Determination of the 2-Year CMT: For each Interest Reset Period, the 2-Year
CMT shall be the Treasury Rate displayed on Telerate page 7051 (or such other
page as may replace the 7051 page on that service ("Telerate Page 7051")) for
the Determination Date (defined below) under the heading "Daily Treasury
Constant Maturities ... Federal Reserve Board Release H.15...Approximately
3:45 p.m. EST...2 YR." If such rate is no longer displayed, then the 2-Year
CMT for such Interest Reset Period will be such 2-Year Treasury Constant
Maturity rate or other 2-Year United States Treasury rate that the
Calculation Agent determines to be comparable to the rate formerly displayed
on Telerate Page 7051 for the Determination Date with respect to such
Interest Reset Period as may then be published in the Federal Reserve Board
Statistical Release H.15 (519) by either the Board of Governors of the
Federal Reserve System or the United States Department of the Treasury. If
such rates are not available, then the 2-Year CMT for the Interest Reset
Period will be calculated by the Calculation Agent and will be a yield to
maturity, based on the arithmetic mean of the secondary market closing
mid-market prices as of approximately 3:30 p.m. (New York City time) on the
Determination Date reported, according to their written records, by five
leading primary United States government securities dealers (each, a
"Reference Dealer") in The City of New York selected by the Calculation
Agent, for the most recently issued direct noncallable fixed rate obligations
of the United States ("Treasury Note") with an original maturity of
approximately 2 years and a remaining term to maturity of not less than one
year, eliminating the highest and lowest quotes and averaging the remaining
three (or, in the event of equality, one of the highest or one of the lowest,
as the case may be). If the Calculation Agent cannot obtain five such
Treasury Note quotations, the 2-Year CMT for such Reset Date will be
calculated by the Calculation Agent and will be a yield to maturity based on
the arithmetic mean of the secondary market mid-market prices as of
approximately 3:30 p.m. (New York City time) on the Determination Date of
three Reference Dealers in the City of New York with an original maturity of
greater than 2 years and a remaining term to maturity closest to two years.
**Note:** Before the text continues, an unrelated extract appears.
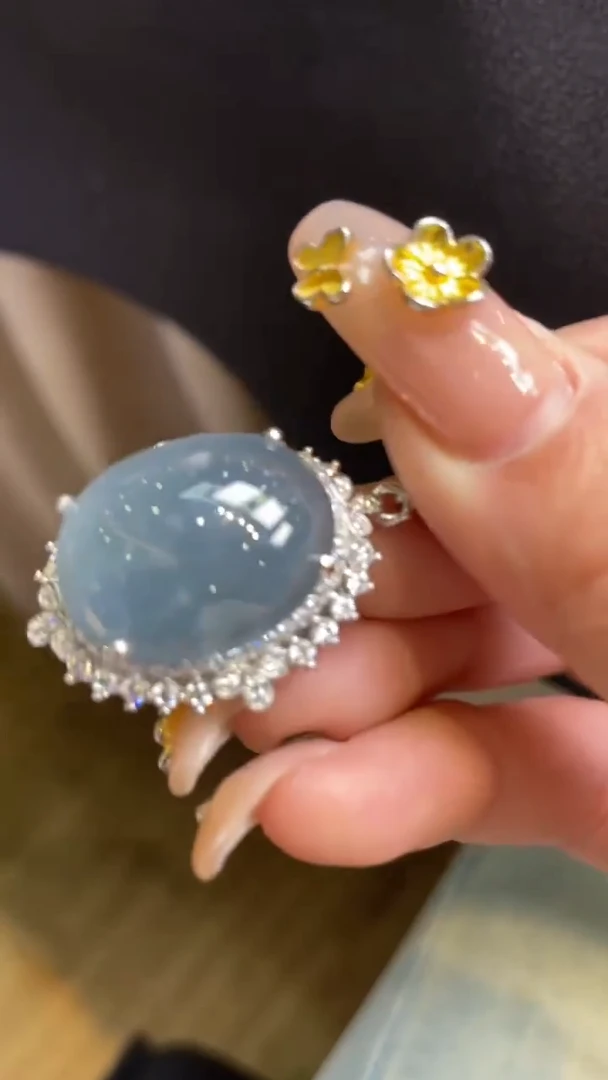 【闪购商品】翡翠颈饰未镶嵌      *183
If the Treasury Notes with an original maturity of greater than 2 years have
remaining terms to maturity equally close to two years, the quotes for the
Treasury Note with an original term to mturity closest to two years will be
used. If fewer than three Reference Dealers selected by the Calculation Agent
are quoting, the 2-Year CMT will be the same as the 2-Year CMT in effect on
such Determination Date.
"Determination Date" means the day that is two New York Business Days
prior to the Interest Reset Date which constitutes the first day of the
relevant Interest Reset Period.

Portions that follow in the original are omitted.